Snow Friend: Little Mole's Wish by Sang Keun Kim

It's the first snow of the winter, and Little Mole is waiting for the bus home from school. Lonely, he builds a big snowball to keep him company.

"Can I tell you something?" whispered Little Mole. "I just moved here. I don't have any friends."

But when the Mr. Bear's bus arrives, he tells Little Mole in no uncertain terms that he can't bring a big snowball on board.
"Snow's just snow. It'll melt."

Hmmm. Maybe if he sculpts his snowball into a bear, the next bus driver will let him on. But driver Fox scoffs at the idea of a snow bear on a bus and drives on.

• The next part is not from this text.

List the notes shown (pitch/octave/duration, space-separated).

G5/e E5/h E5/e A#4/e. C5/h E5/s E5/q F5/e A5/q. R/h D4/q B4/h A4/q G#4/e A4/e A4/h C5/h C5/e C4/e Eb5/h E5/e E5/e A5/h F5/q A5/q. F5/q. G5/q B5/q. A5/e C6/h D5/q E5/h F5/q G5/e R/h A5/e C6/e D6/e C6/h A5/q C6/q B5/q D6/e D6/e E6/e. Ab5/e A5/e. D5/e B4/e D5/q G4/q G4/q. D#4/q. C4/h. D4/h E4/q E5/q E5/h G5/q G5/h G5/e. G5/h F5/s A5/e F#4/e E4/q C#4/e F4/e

Little Mole tries to make his bear look more like him. He sculpts a snow backpack and puts his own knitted cap on his snow bear's head. As it grows dark, the two stand hopefully together at the bus stop. Little Mole makes a wish on a falling star. Finally a kindly driver stops to pick them up.
"Look at you two! You must be freezing."

On the warm bus, Little Mole falls asleep,and when he wakes, he is alone. The driver says he thinks his friend already got off. Sadly Little Mole walks to his house and tells his grandmother about his friend's disappearance.
"I wish I could help," she says.

But in the morning there is a surprise waiting outside for Little Mole, in Sang Keun Kim's tender and sweet story of a snowy day and friendship lost and found, Little Mole's Wish (Schwartz and Wade, 2019).  Kim's soft, muted, and lovely illustrations offer a touch of the magic that friendship brings.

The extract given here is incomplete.